I have a 24000 * 316 numpy matrix, each row represents a time series with 316 time points, and I am computing pearson correlation between each pair of these time series. Meaning as a result I would have a 24000 * 24000 numpy matrix having pearson values. My problem is that this takes a very long time. I have tested my pipeline on smaller matrices (200 * 200) and it works (though still slow). I am wondering if it is expected to be this slow (takes more than a day!!!). And what I might be able to do about it... If it helps this is my code... nothing special or hard..

def SimMat(mat,name):

    mrange = mat.shape[0]
    print "mrange:", mrange
    nTRs = mat.shape[1]
    print "nTRs:", nTRs

    SimM = numpy.zeros((mrange,mrange))



    for i in range(mrange):

        SimM[i][i] = 1

    for i in range (mrange):
        for j in range(i+1, mrange):
            pearV = scipy.stats.pearsonr(mat[i], mat[j])

            if(pearV[1] <= 0.05):
                if(pearV[0] >= 0.5):
                    print "Pearson value:", pearV[0]
                    SimM[i][j] = pearV[0]
                    SimM[j][i] = 0
            else:

                SimM[i][j] = SimM[j][i] = 0

    numpy.savetxt(name, SimM)




    return SimM, nTRs

Thanks


Solution

  • The main problem with your implementation is the amount of memory you'll need to store the correlation coefficients (at least 4.5GB).
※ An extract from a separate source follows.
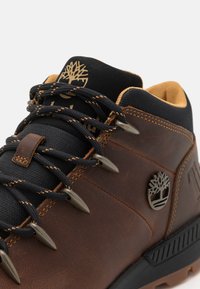 Bota de senderismo de cuero marrón con un cuello de malla negra, logo dorado y ojetes de metal. Presenta una superficie texturizada y acentos de costura naranjas.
There is no reason to keep the already computed coefficients in memory. For problems like this, I like to use hdf5 to store the intermediate results since they work nicely with numpy. Here is a complete, minimal working example:

    import numpy as np
    import h5py
    from scipy.stats import pearsonr
    
    # Create the dataset
    h5 = h5py.File("data.h5",'w')
    h5["test"] = np.random.random(size=(24000,316))
    h5.close()
    
    # Compute dot products
    h5 = h5py.File("data.h5",'r+')
    A  = h5["test"][:]
    
    N   = A.shape[0]
    out = h5.require_dataset("pearson", shape=(N,N), dtype=float)
    
    for i in range(N):
        out[i] = [pearsonr(A[i],A[j])[0] for j in range(N)]
    

    Testing the first 100 rows suggests this will only take 8 hours on a single core. If you parallelized it, it should have linear speedup with the number of cores.